Si è detto di un film atipico per Loach non perché si discosti dalla sua idea di cinema: anzi, la sua mano è sempre evidente e il suo racconto delle parti meno abbienti della società è sempre vivido. Ma perché si tratta di un film di carattere storico (non qualcosa di usuale) e perché pone il focus su una parte di storia che, in teoria, è quella opposta a quella della sua appartenenza nazionale.
Il film, infatti, tratta della guerra d’indipendenza irlandese (1919-1921) tra democratici d’Irlanda che vorrebbero dichiarare una repubblica indipendente e l’impero britannico che ancora rivendica diritti su quei territori. La storia è raccontata attraverso il punto di vista dell’Irish Republican Army, ossia quella frangia di combattenti che ha fatto la resistenza irlandese contro l’occupazione nemica.
Questa armata è guidata da Teddy O’Donovan e, dopo un momento di incertezza sull’imbracciare le armi o meno, dal fratello Damien O’Donovan (interpretato da Cillian Murphy). Con lo scorrere dei minuti (e quindi con l’alternanza di catture, agguati e uccisioni) Teddy mitiga la propria anima ribelle, mentre Damien diventa sempre più idealista e radicale nelle sue posizioni di scontro frontale con l’impero britannico.
Si arriva al compromesso tra Irlanda e Impero britannico che viene ben accolto da Teddy, ma contrastato da Damien e dagli altri democratici irlandesi puri. In questo frangente storico si apre uno dei capitoli più tristi della storia irlandese, ovvero quello della guerra civile (1922-23) tra chi appoggia il compromesso e chi vuole una Irlanda completamente libera.

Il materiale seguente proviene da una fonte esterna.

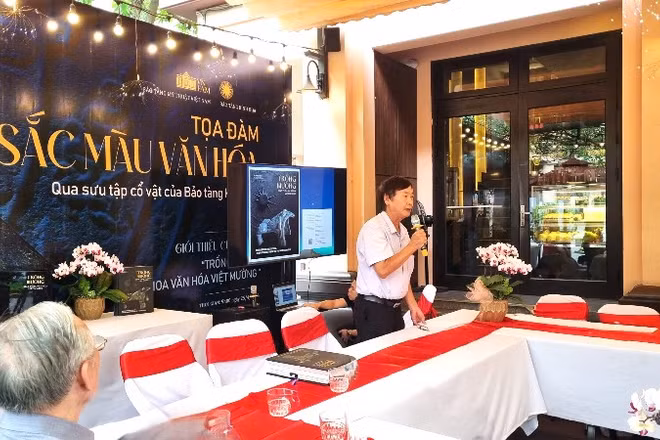 GS,TS Trịnh Sinh trong cuộc tọa đàm "Sắc màu văn hóa" diễn ra tại Bảo tàng Mỹ thuật Việt Nam.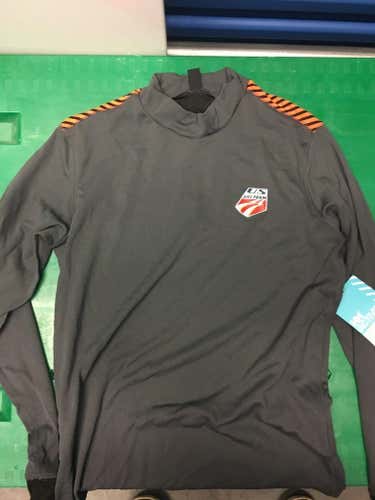 Medium Helly hansen gray with us ski team logo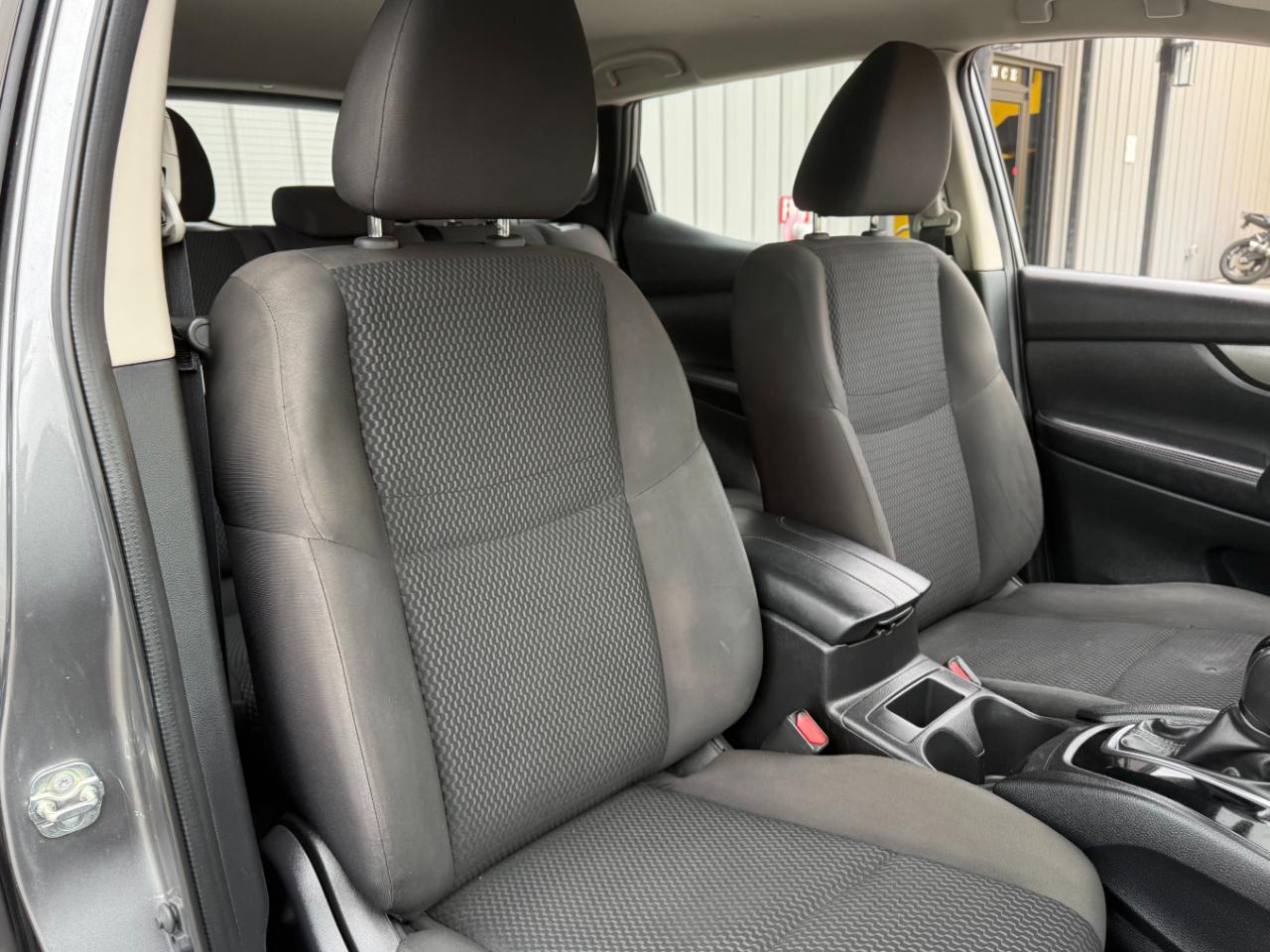 Nissan Rogue Sport FWD S 2021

In questa seconda parte si consuma il vero dramma del film: già l’orrore della guerra è qualcosa che va, sempre e in ogni caso, aldilà di ogni logica comprensione. Ma l’orrore della guerra che si consuma tra fratelli, tra quelli che fino a pochi giorni prima combattevano fianco a fianco e che sono cresciuti insieme, è qualcosa di abissale.
Ken Loach si conferma ancora una volta un narratore formidabile. La sua mano registica non è mai invadente o troppo presente in quello che mostra: lascia piuttosto parlare la storia – in questo caso una storia che è già emotivamente forte e comunicativa – senza il bisogno di interventi dall’esterno.
E se il racconto di questo particolare frangente storico poteva avere uno stile per essere efficace, il realismo di Loach è quello che riesce meglio nel trasporre la verosimiglianza degli eventi. Perché a questo film per essere tanto ben fatto e tanto comunicativo bastano queste due cose: la storia in sé (quindi una buona sceneggiatura) e un buon realismo registico. Ci sono entrambi e in maniera ottima.
Non manca poi una più che buona prova attoriale di un Cillian Murphy che stava facendo i suoi primi grandi balzi nella scena cinematografica internazionale.
Tra i tanti film di Ken Loach questo è uno di quelli da recuperare con maggiore convinzione per l’originalità e la riuscita degli esiti. Anche per chi volesse sapere qualcosa di più della particolare vicenda storica.
Per chiudere, un dettaglio interessante sul titolo. Il nome italiano è quasi una traduzione fedele del titolo inglese (“The Wind that Shakes the Barley“): quasi. “Barley”, infatti, non è “erba” ma è l’orzo. Ancora il realismo: ancora un forte contatto con la materia raccontata.